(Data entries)
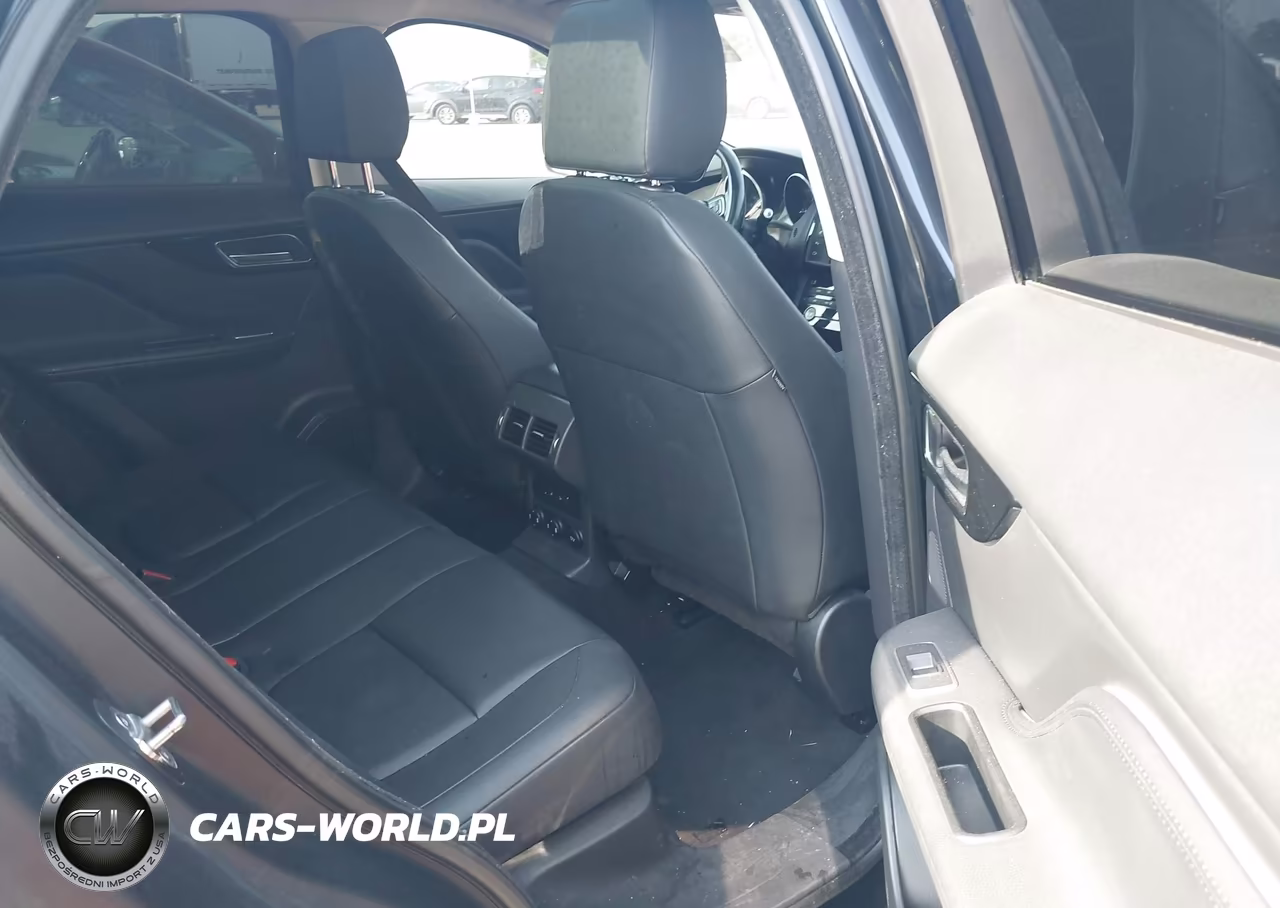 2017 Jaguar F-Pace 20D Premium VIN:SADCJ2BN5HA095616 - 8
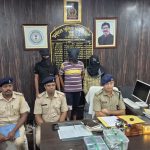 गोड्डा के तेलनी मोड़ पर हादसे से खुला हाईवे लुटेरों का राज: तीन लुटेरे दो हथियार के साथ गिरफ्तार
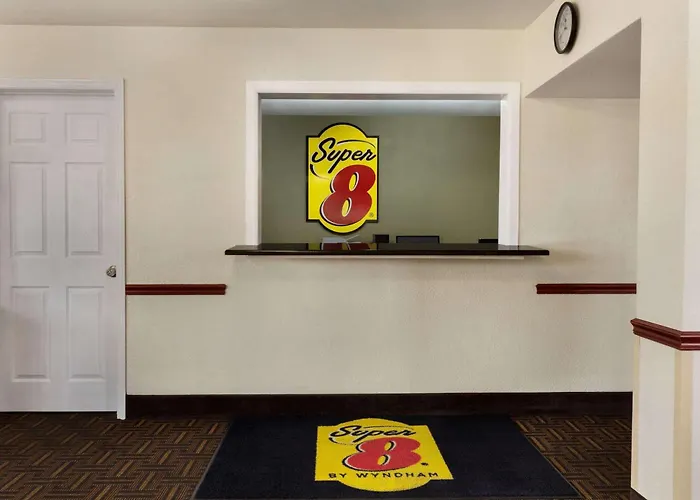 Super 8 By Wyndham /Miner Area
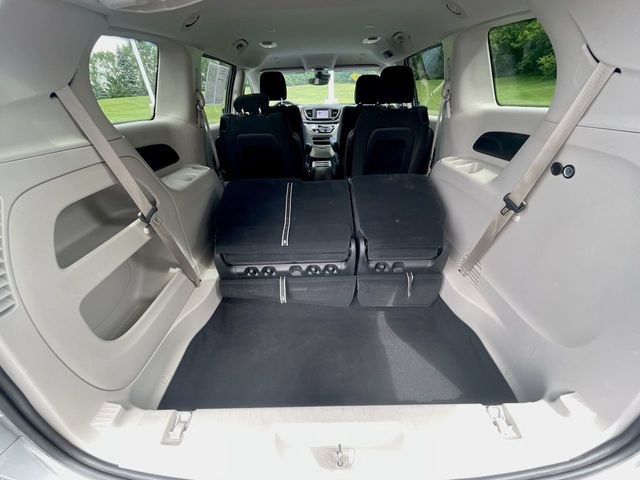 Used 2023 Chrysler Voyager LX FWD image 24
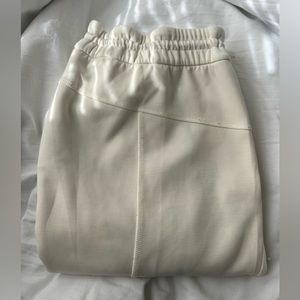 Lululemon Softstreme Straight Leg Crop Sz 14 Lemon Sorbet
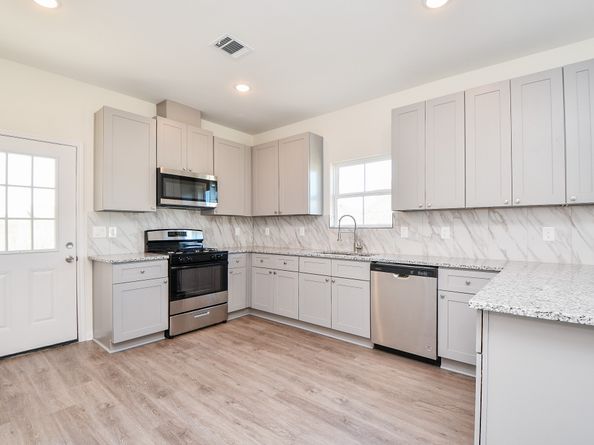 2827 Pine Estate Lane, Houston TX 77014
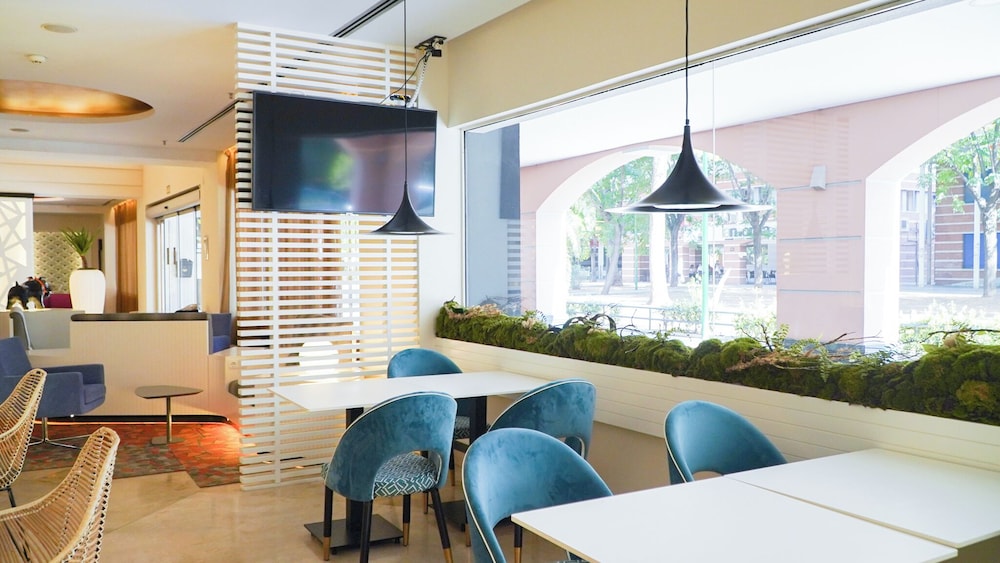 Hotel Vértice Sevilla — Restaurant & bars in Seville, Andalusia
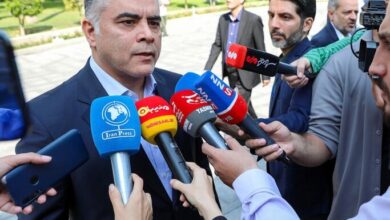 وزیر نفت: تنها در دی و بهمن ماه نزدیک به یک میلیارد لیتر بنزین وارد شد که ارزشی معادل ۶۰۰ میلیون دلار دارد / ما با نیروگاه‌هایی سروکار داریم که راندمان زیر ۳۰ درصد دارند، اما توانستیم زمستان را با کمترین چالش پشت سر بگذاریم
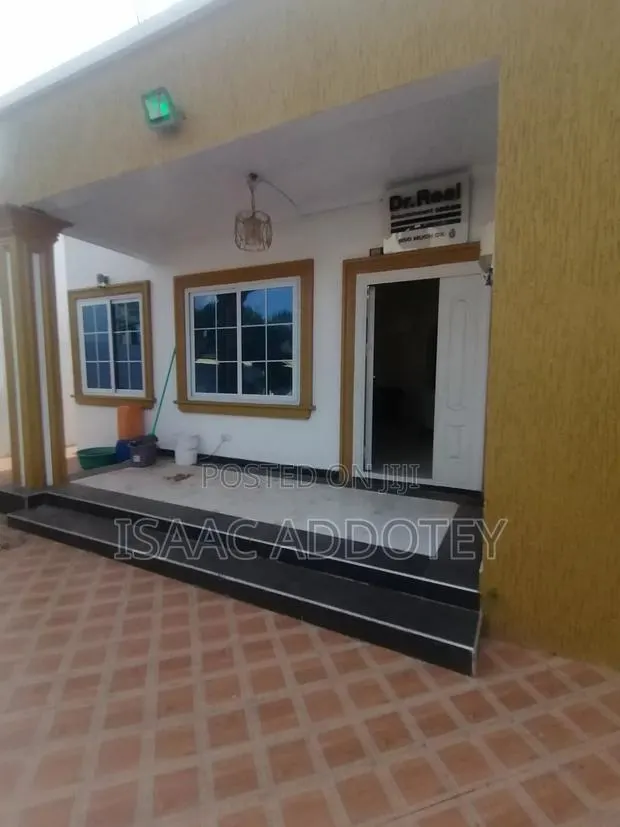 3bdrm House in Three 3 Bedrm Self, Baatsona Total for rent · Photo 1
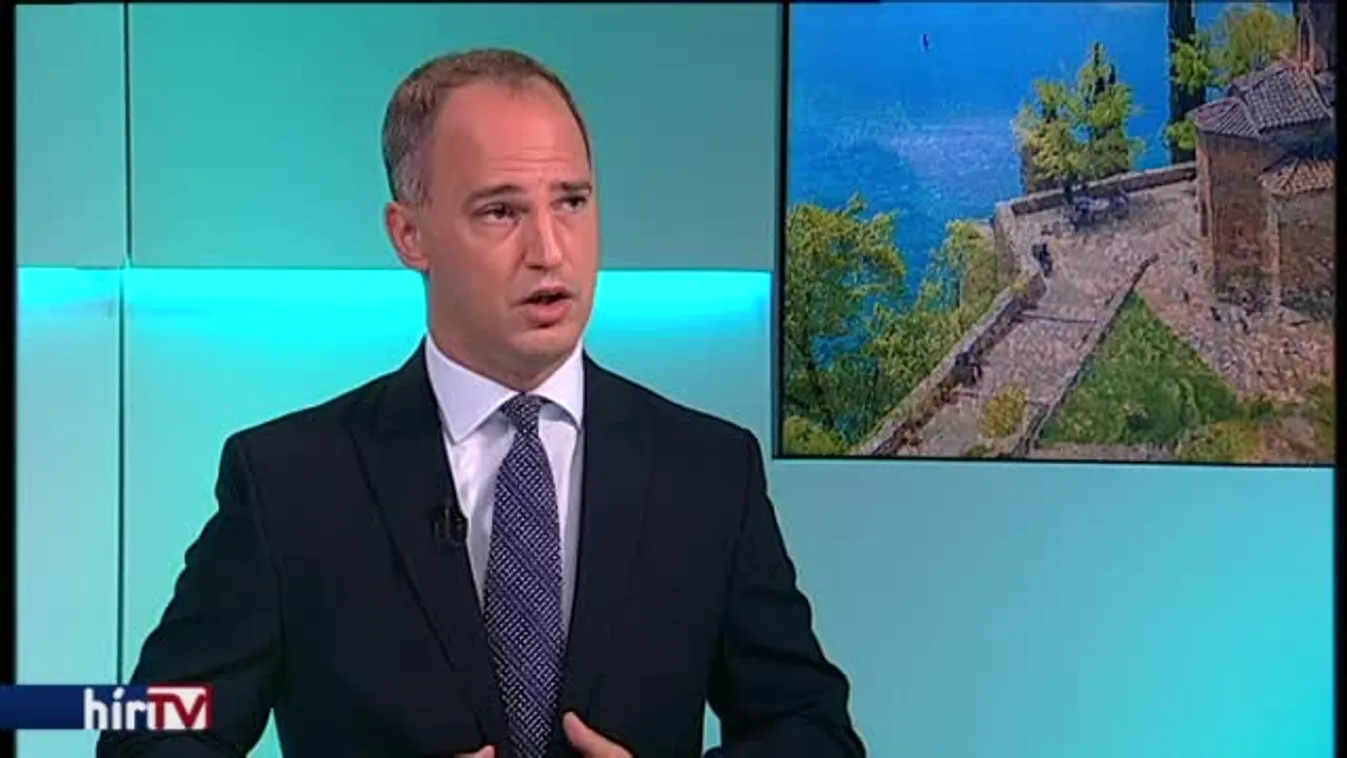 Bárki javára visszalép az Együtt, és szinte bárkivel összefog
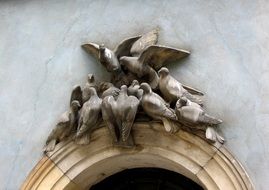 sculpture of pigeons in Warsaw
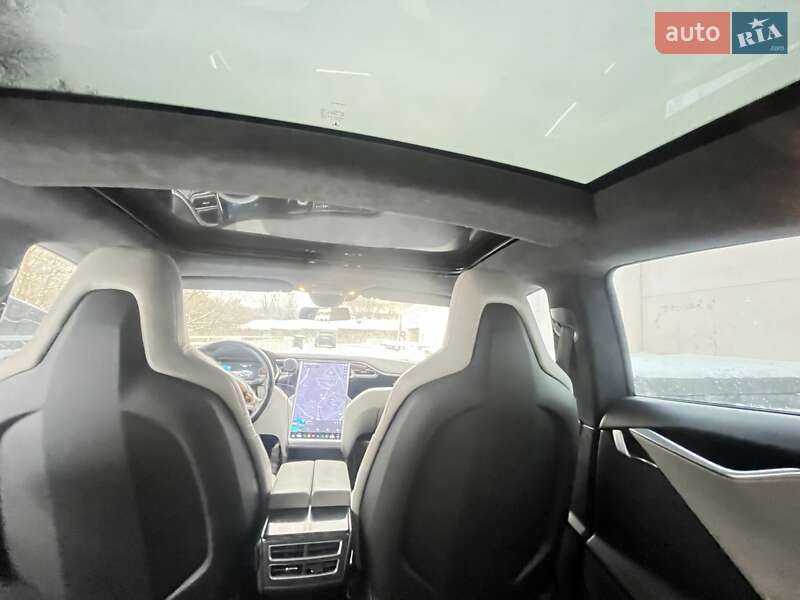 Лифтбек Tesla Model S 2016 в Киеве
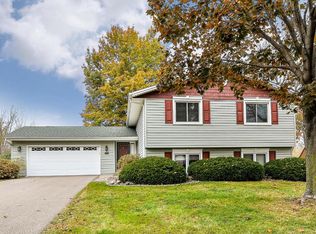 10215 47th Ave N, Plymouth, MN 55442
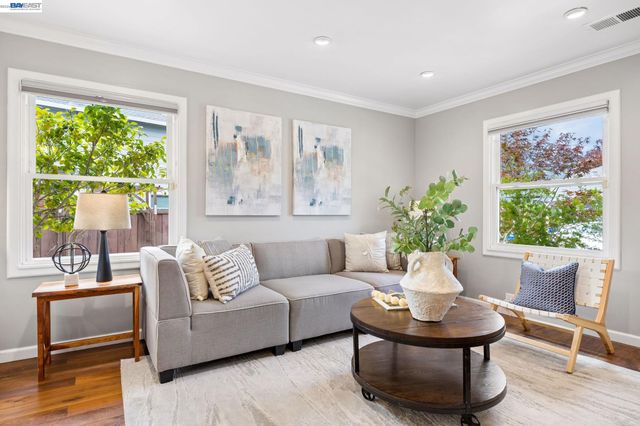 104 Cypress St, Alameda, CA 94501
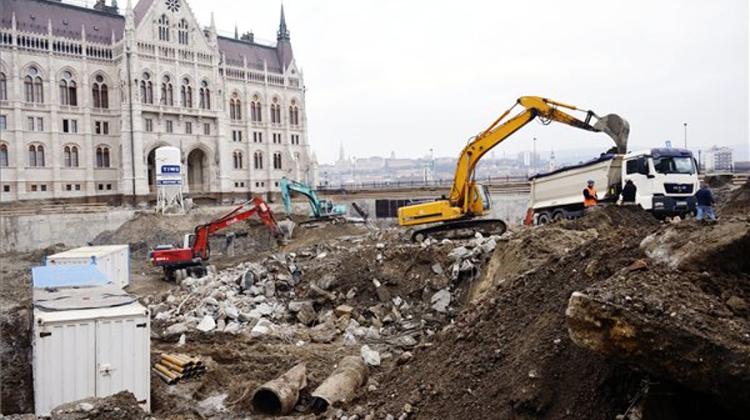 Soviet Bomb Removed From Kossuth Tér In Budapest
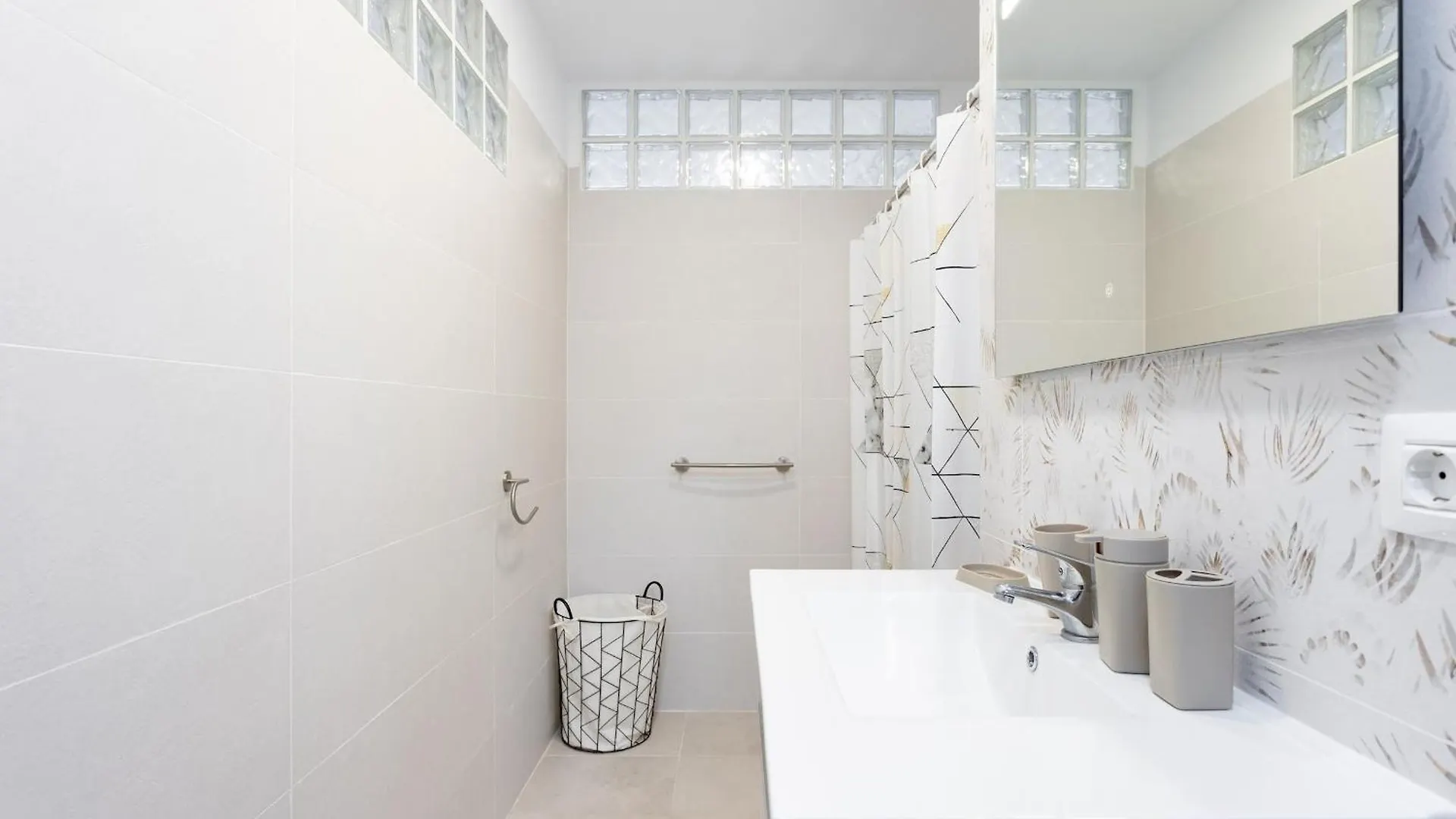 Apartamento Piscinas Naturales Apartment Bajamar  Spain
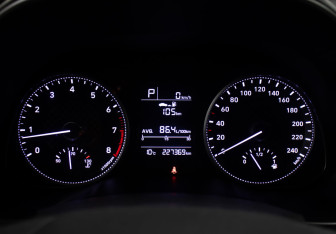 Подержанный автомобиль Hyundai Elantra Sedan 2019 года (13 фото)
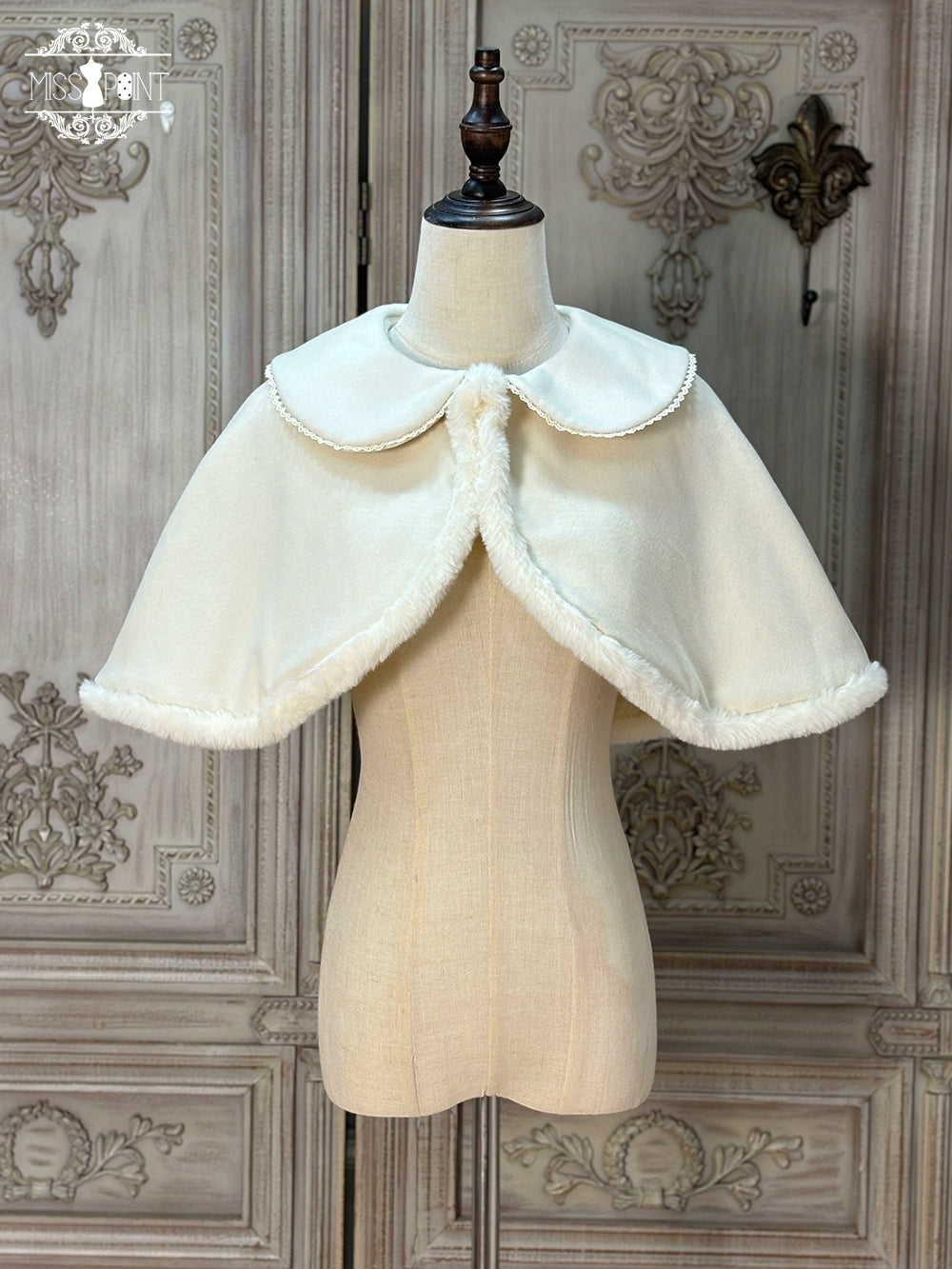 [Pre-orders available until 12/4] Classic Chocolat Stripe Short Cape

WHAT TO WORK ON -
What's needed is an exact copy of the records above from the line containing "2827 Pine Estate Lane, Houston TX 77014" down to the line containing "10215 47th Ave N, Plymouth, MN 55442", both included, without any pictures.

EXERCISE RESPONSE -
 2827 Pine Estate Lane, Houston TX 77014
 Hotel Vértice Sevilla — Restaurant & bars in Seville, Andalusia
 وزیر نفت: تنها در دی و بهمن ماه نزدیک به یک میلیارد لیتر بنزین وارد شد که ارزشی معادل ۶۰۰ میلیون دلار دارد / ما با نیروگاه‌هایی سروکار داریم که راندمان زیر ۳۰ درصد دارند، اما توانستیم زمستان را با کمترین چالش پشت سر بگذاریم
 3bdrm House in Three 3 Bedrm Self, Baatsona Total for rent · Photo 1
 Bárki javára visszalép az Együtt, és szinte bárkivel összefog
 sculpture of pigeons in Warsaw
 Лифтбек Tesla Model S 2016 в Киеве
 10215 47th Ave N, Plymouth, MN 55442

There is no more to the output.